China’s urban-rural gap is a threat to growth. Is the divide too wide to fix?
- Researchers report waning optimism about social mobility among rural Chinese as education disparities create obstacles for economy
Zheng Yajun, a mainland-born PhD graduate of the University of Hong Kong, knows from personal experience how difficult it is to break through China’s urban-rural divide.
Raised and educated in a remote small town in the northwestern province of Gansu, Zheng sat for the national college entrance examination twice before she was admitted to Shanghai’s prestigious Fudan University in 2009.
Zheng did not find life easy at Fudan, where she struggled to understand her instructors and fellow classmates from big cities. Many of her classmates from less developed regions had a similar experience, she said.

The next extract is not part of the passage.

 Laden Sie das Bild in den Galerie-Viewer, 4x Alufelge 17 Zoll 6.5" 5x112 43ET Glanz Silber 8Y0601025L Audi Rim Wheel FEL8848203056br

“In my first year of university, I couldn’t understand why – although I had worked hard since childhood and never wasted a day – I still looked so bad compared to other students [from big cities],” she said in a widely circulated interview last year.
She managed to survive the fierce competition. After her graduation from Fudan, she expanded her master’s thesis on the gap between urban and rural students at top universities in China, and her findings were published early last year.
Zheng’s book, which discusses class differences from a sociological perspective, is one of the most prominent of several works on similar topics published in recent years in China, sparking widespread media coverage and public debate.
These discussions all point to the same question: are class divisions and the rural-urban divide irreparable in today’s China?